- [The problem] Go through the entries and transcribe each one exactly, dropping the pictures.
(Exercise material Opens)
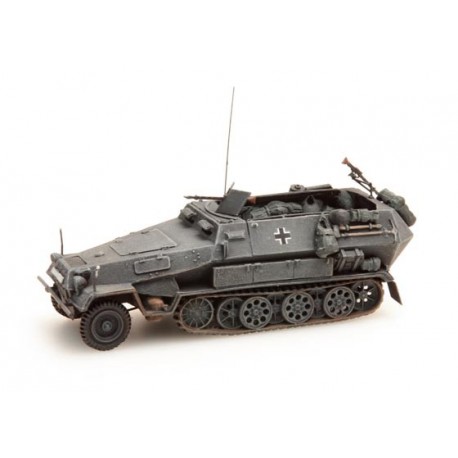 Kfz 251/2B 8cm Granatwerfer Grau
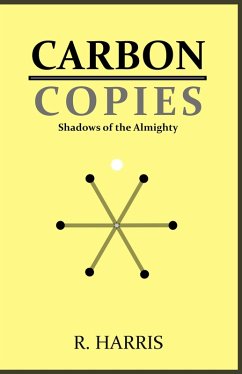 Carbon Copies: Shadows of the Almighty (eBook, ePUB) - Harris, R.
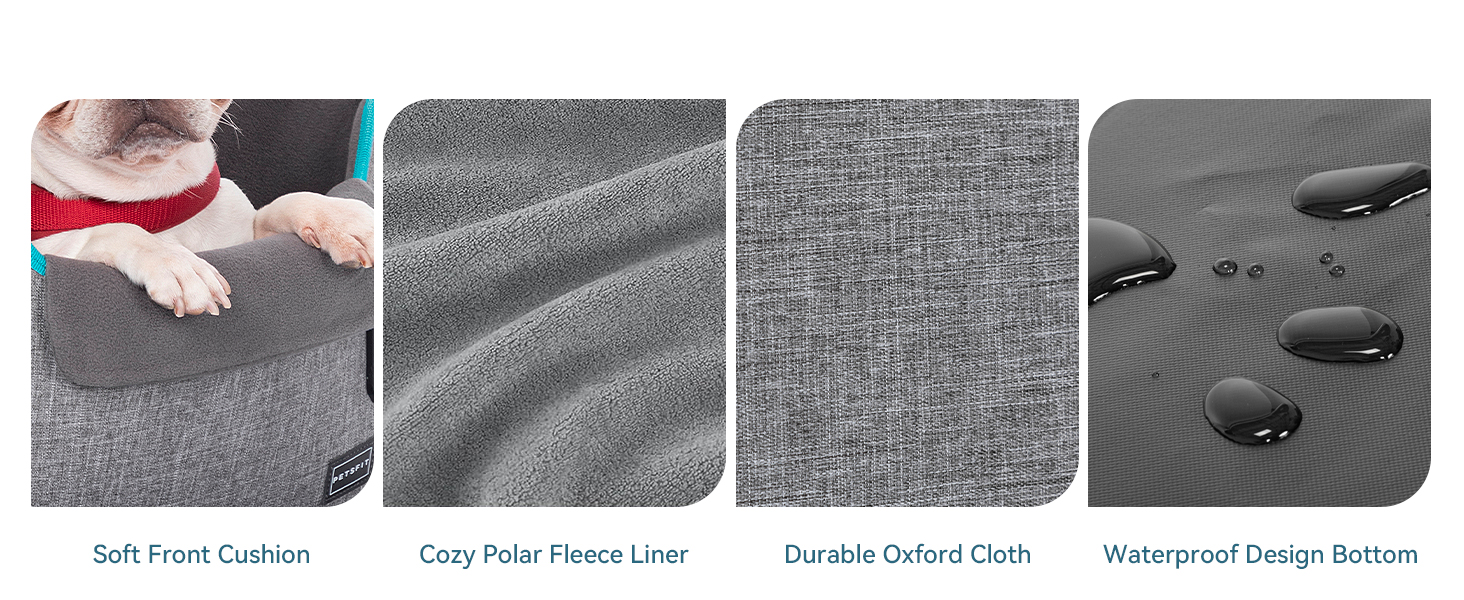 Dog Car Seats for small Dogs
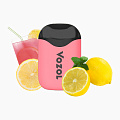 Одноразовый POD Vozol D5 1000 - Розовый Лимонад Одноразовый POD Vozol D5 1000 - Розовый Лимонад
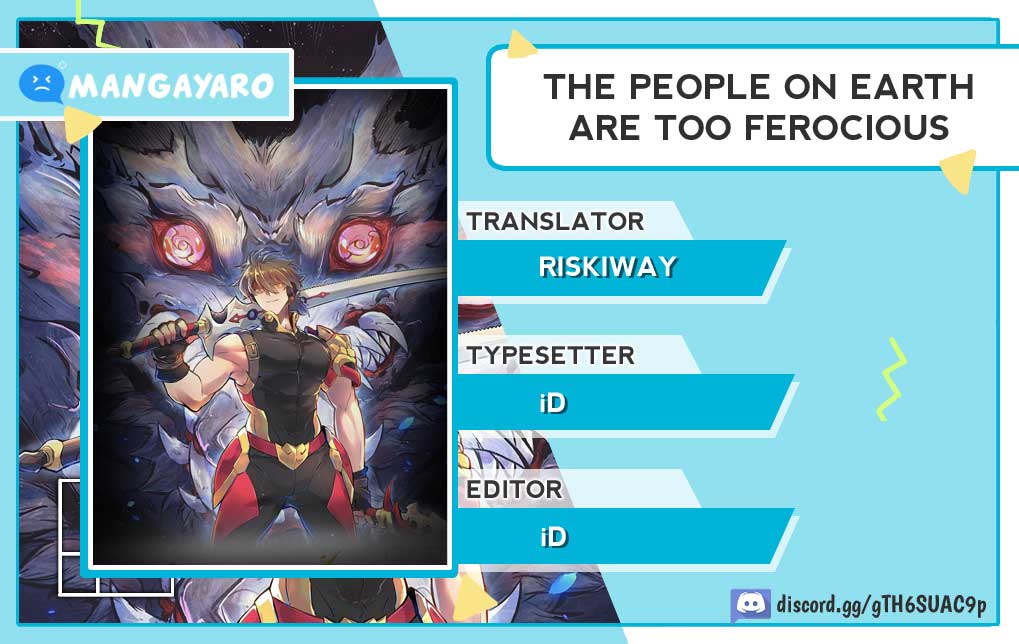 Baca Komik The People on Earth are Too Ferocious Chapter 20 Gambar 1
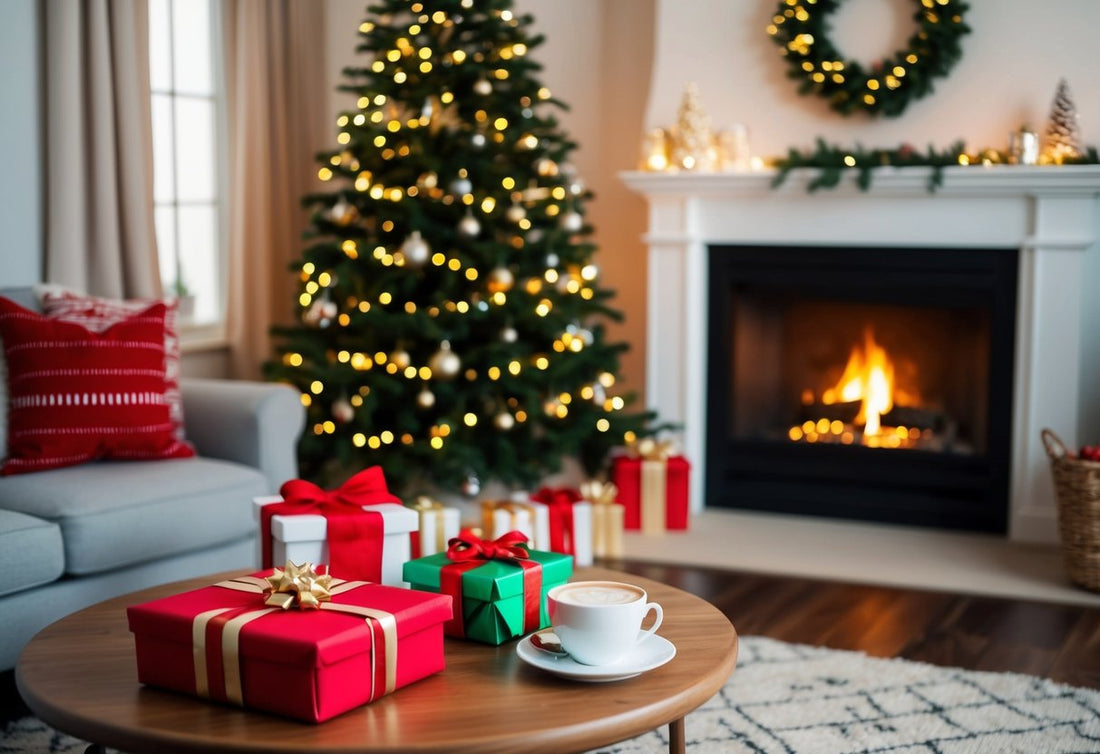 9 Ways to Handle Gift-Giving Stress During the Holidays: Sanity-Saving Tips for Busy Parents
(Exercise material Closes)
- [Exercise output]
 Kfz 251/2B 8cm Granatwerfer Grau
 Carbon Copies: Shadows of the Almighty (eBook, ePUB) - Harris, R.
 Dog Car Seats for small Dogs
 Одноразовый POD Vozol D5 1000 - Розовый Лимонад Одноразовый POD Vozol D5 1000 - Розовый Лимонад
 Baca Komik The People on Earth are Too Ferocious Chapter 20 Gambar 1
 9 Ways to Handle Gift-Giving Stress During the Holidays: Sanity-Saving Tips for Busy Parents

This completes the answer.